Phil Gordon called the promise that help was coming, when the first deputies were actually intent on staying outside, "a stunning abuse of governmental power." Miles Cortez described the perimeter tactics adopted by responding deputies as "a decision to stand by and let Harris and Klebold kill or wound for as long as their ammunition held out... The killing field turned out to be the Columbine library."

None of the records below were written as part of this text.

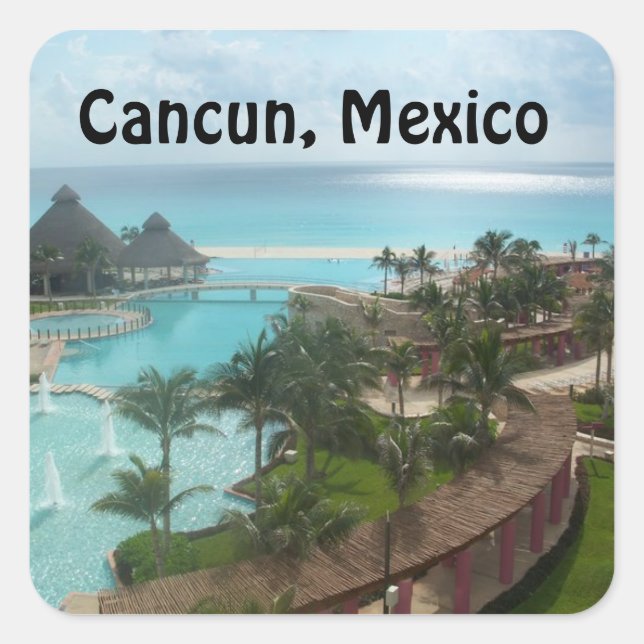 Pegatina Cuadrada Cancún México (Anverso)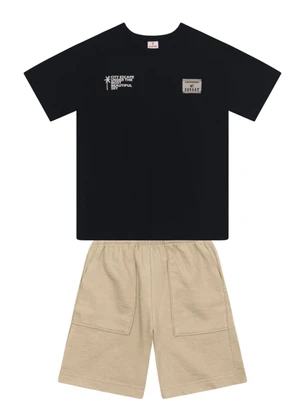 Brandili - Conjunto Infantil Menino em Meia Malha Preto - BRANDILI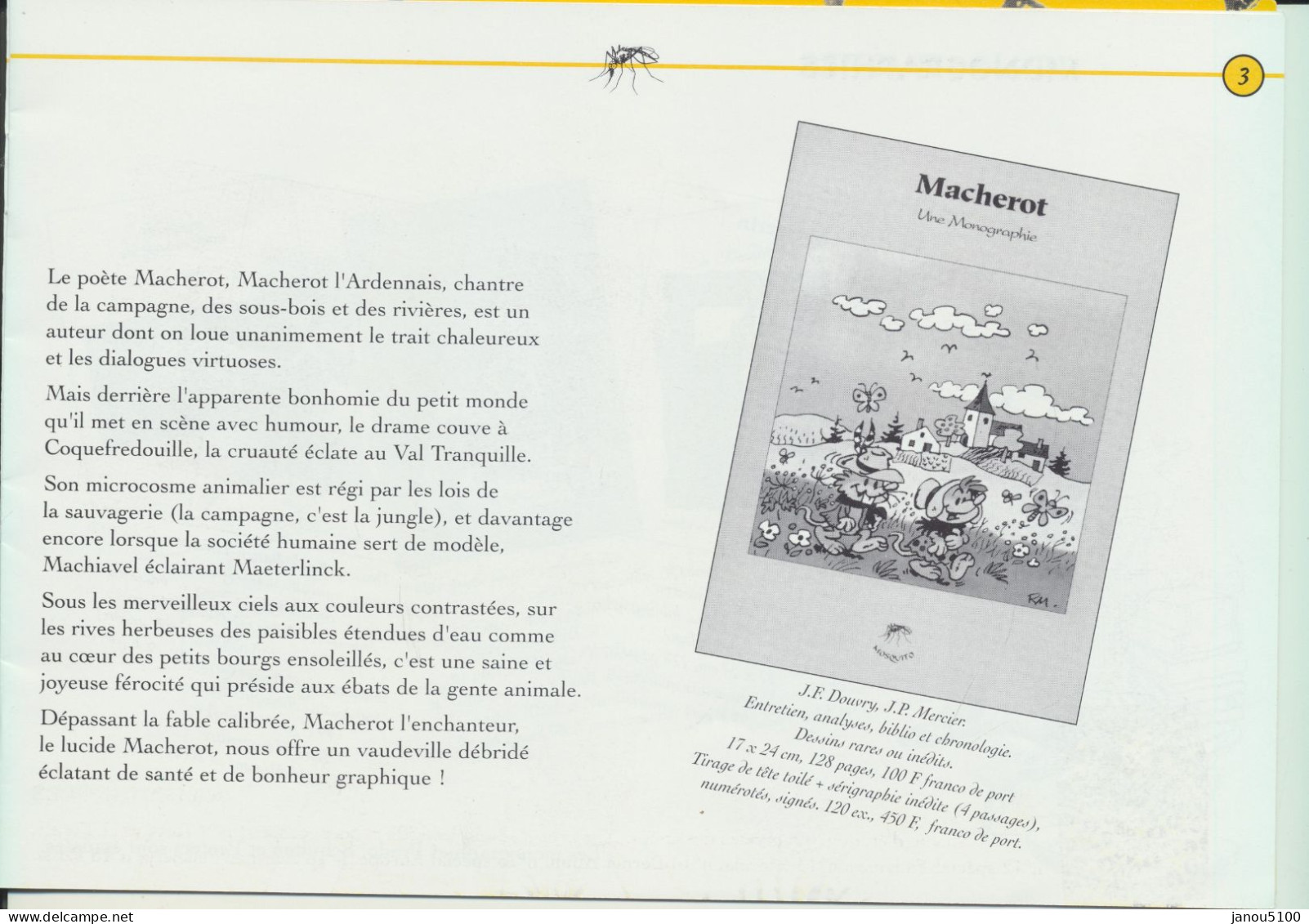 BD.  EN FRANCAIS  " CATALOGUE DES EDITIONS MOSQUITO "    1999  (  FRANCE). - Persboek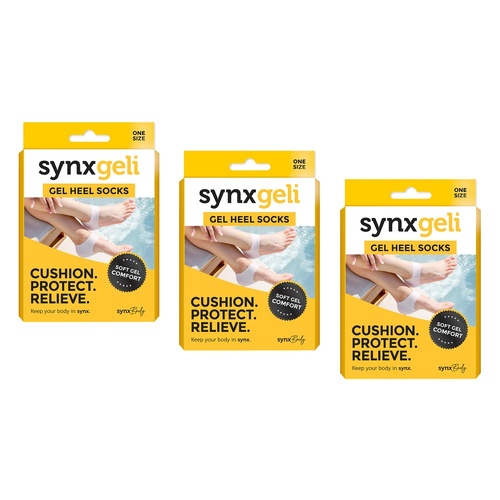 Synx Synxgeli Gel Heel Socks Pack of 3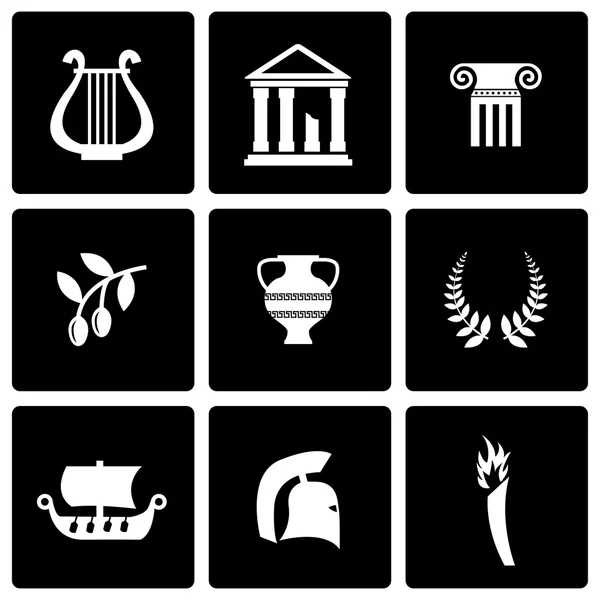 Vector black greece icon set — Stock Vector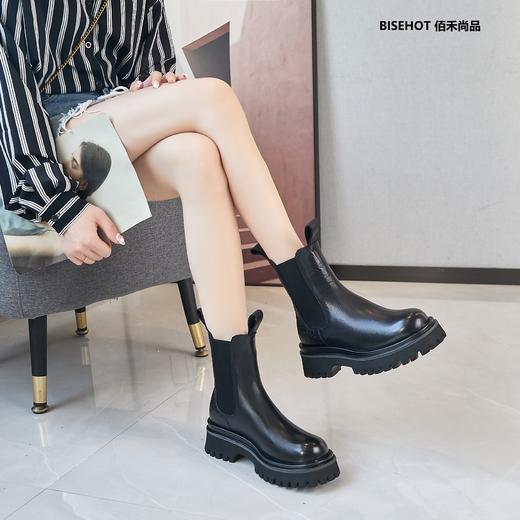 新品单层牛皮切尔西烟管时尚矮靴992B25601 商品图1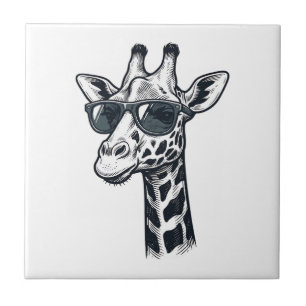 Azulejo Gafas de sol de jirafa geniales Camiseta con graba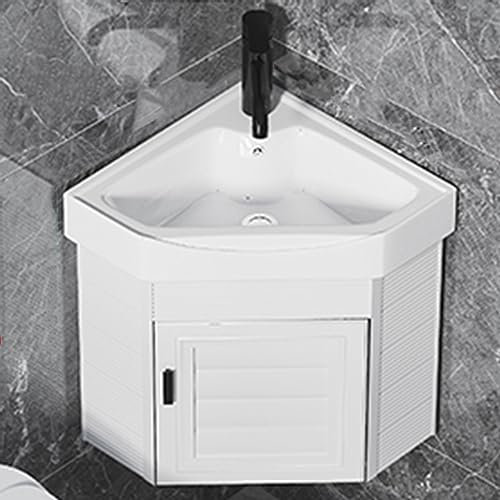 Generisch Eckwaschbecken-Kombination für kleine Räume, wandmontiertes Waschbecken, Badezimmerschrank mit Wasserhahn und Abfluss (Farbe: Weiß, 37 cm, Größe: Schrank)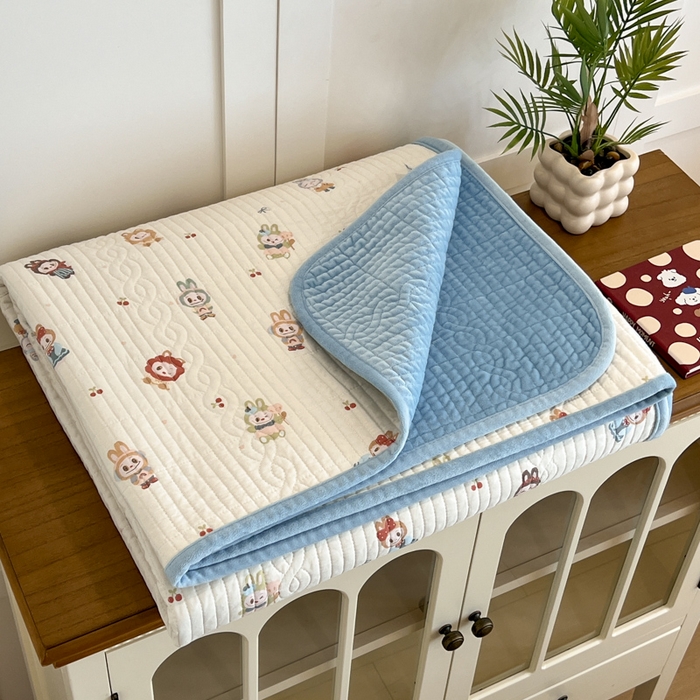 沐纯家居 2025新款婴儿绒纯棉水洗床盖拉布豆-晴蓝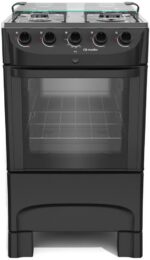 Fogão 4 Bocas Mueller Bivolt com Acendimento Automático: praticidade e design preto fosco para sua cozinha.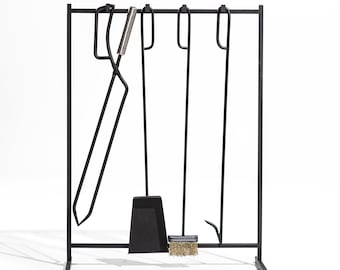 Hand Forged Fireplace Tools with Stand: Modern Fireside Set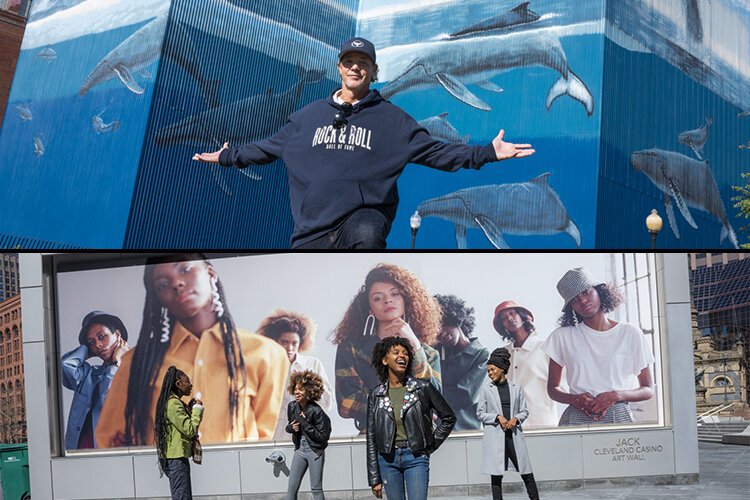 Top: October 2019 – Wyland’s “Song of the Whales” mural restoration -- Bottom: February 2020 – Da’Shaunae Marisa mural in Public Square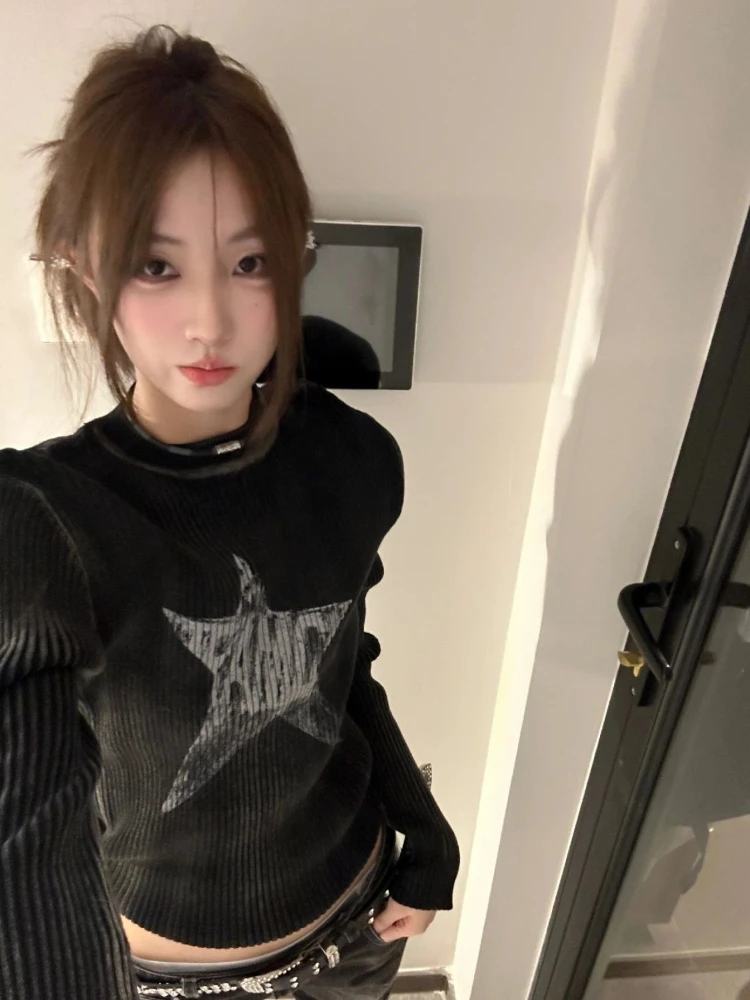 Deeptown Y2K Vintage Star Knitted Sweater Women Harajuku Grunge Black Slim Cropped Pullover Korean Casual Jumper Fairycore Kpop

Defending the sheriff's office, Assistant County Attorney Bill Tuthill coolly shrugged off the rhetoric and focused on case law. Columbine doesn't meet any of the criteria for the exceptions to immunity, he insisted. Whatever the reason that the investigation of Harris's bombs and death threats was aborted, the case was "irrelevant" to what happened a year later, he argued. His clients had done nothing, and nothing is good. Such a position "may offend our common sense, but it doesn't offend the Constitution," he said.
So the 911 operators had told everyone to stay put. So they promised that help would be there in minutes, rather than three or four hours later. So what? Under the law, a police officer's promise of assistance is meaningless. "Promises do not create a special relationship," Tuthill claimed. "Police officers shouldn't be found constitutionally liable for the decisions they make, even if they later turn out to be mistakes."
School district attorney Stuart Stuller took a similar stance. No special relationship, no creation of danger. The existence of a school security plan that Columbine failed to follow, as reported on 60 Minutes II, didn't create any kind of duty to protect students. Maybe the school screwed up by doing little or nothing with previous complaints about Harris and Klebold, but nothing is good. "There is no evil in being hoodwinked by evil," Stuller argued.
Yet as the day wore on, Judge Babcock seemed to grow impatient with such arguments. Whatever their legal merits, they trifled with logic. "Your defense rests upon inaction," he told Tuthill. "Is the lesson to be learned from these cases that, when confronted with this type of expression, we close our eyes to it -- because by doing nothing, there is no liability?"
Tuthill argued that it was ridiculous to think that the sheriff's commanders had the "luxury" to think through their misguided rescue operation during the first two hours of the siege. Babcock growled back that they surely could have figured out how to reach Sanders by the third hour.
When the assistant county attorney suggested that the failure to investigate the prior bomb reports was due to "allocation of resources," the judge merely scoffed. When Tuthill went on to advance the notion that Dave Sanders wasn't in any kind of "special relationship" with the police because, after all, Sanders wasn't even in direct contact with the 911 operator, Babcock felt compelled to point out that the teacher was critically wounded and unconscious at the time.
Babcock has not yet issued a decision as to which lawsuits, if any, he will dismiss at this point. But there's little question which arguments he found to be more compelling on a common-sense level, if not in legal terms. Two years ago, Jefferson County officials were boasting that they did everything right at Columbine; now they're reduced to arguing that they did nothing so wrong that it amounts to a violation of constitutional rights -- that doing nothing is doing good.
Before Tuthill finished his final remarks, the judge stared at him with a mournful, deeply troubled look on his face.
"Maybe it's just late in the day," Babcock said, "but you're beginning to shock my conscience."